Marea Operations Room fighters call on Jaish al-Thuwar to cut ties with the YPG on Monday. Photo courtesy of Khaled Alale.
Proxy war
This past week, Turkey has gone on the offensive, charging Russia, aware of Ankara’s discomfort with the SDF along its border with Syria and eager to lash out at Turkish interests after the downing of a Russian warplane last week, has carried out air strikes in support of the YPG.
“Russia is providing air support for the PYD, the Syrian affiliate of the terrorist PKK organization,” Turkey’s Anadolu agency alleged on Monday.
Turkish state media has published three reports in the past week of what it calls Russian air support for Kurdish SDF forces in northern Aleppo.
In a report on Friday, Anadolu cited reports by unnamed “local sources” to bolster its claim that “PYD has reportedly begun its rapprochement with Russia.”
Russian state media has not mentioned airstrikes near Azaz or deepening relations with the PYD.
At least one pro-regime Syrian media source reported Russian airstrikes on several northern Aleppo villages last Sunday, “amidst violent clashes between the Kurds and the so-called FSA.”

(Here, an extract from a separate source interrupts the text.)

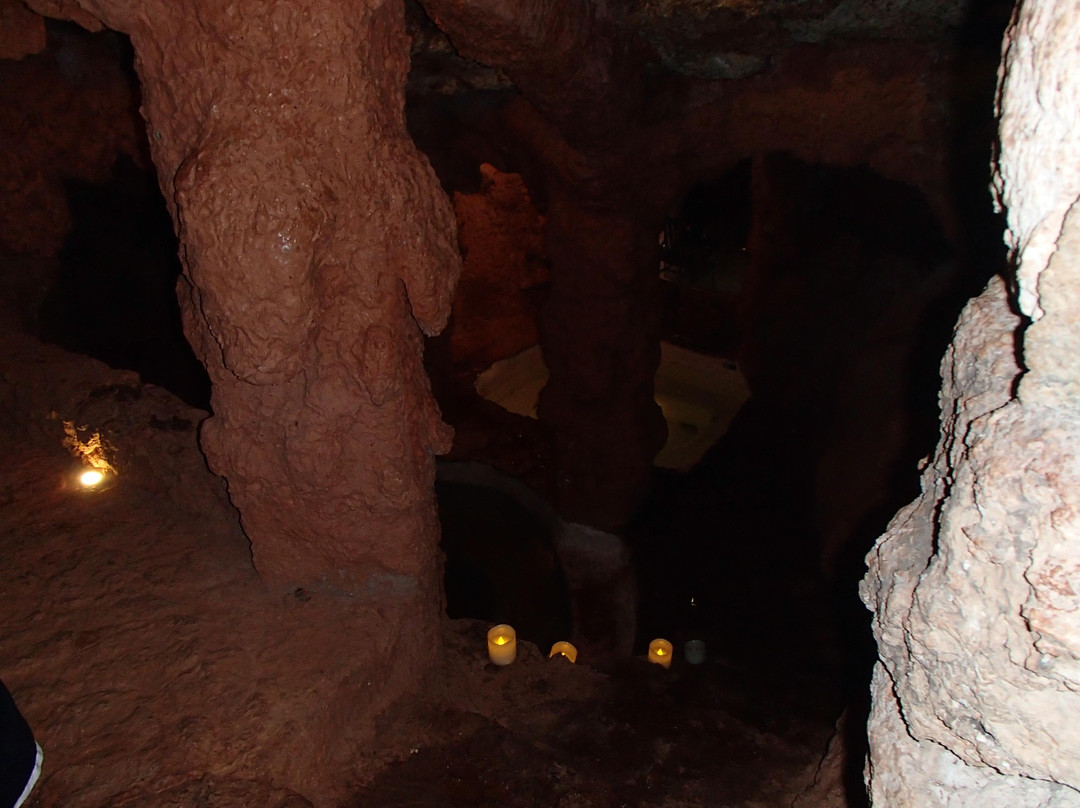 Piedra de Agua Fuente Termal & Spa-昆卡必去景点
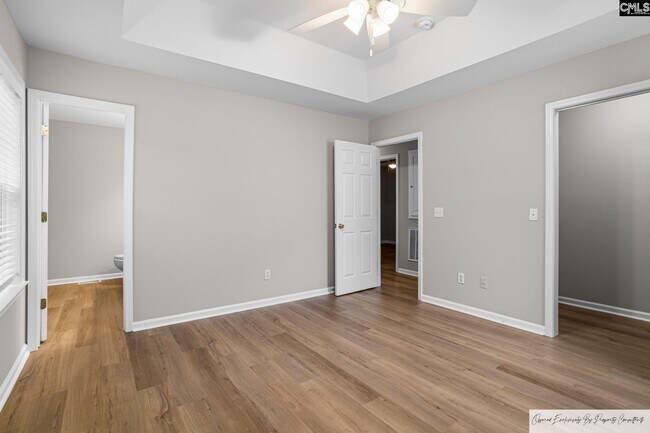 Building Photo - 4005 Hickory St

Even if the airstrikes were carried out, the overlapping of Russian and SDF operations in northern Aleppo does not necessarily translate into direct coordination, but rather each taking advantage of the other’s actions for the sake of its own objectives: Russia to trouble Turkey, the SDF to protect Afrin.
Meanwhile, the US-led international coalition has reported four airstrikes in Aleppo province since the beginning of clashes between the SDF and opposition forces in northern Aleppo, but all reportedly on IS targets near Marea, 16km southeast of Azaz.
One Kurdish journalist and frequent Syria Direct contributor who was on the ground during for the battle to drive the Islamic State from Kobani, reports potential future US-led coalition air support for SDF forces near Afrin, citing confidential sources.
“A decision has been made to protect Afrin… from the air,” Mustafa Ebdi, who is currently in Turkey near the border with Afrin posted on social media, citing “private sources” and claiming “air operations are fully coordinated with SDF forces.”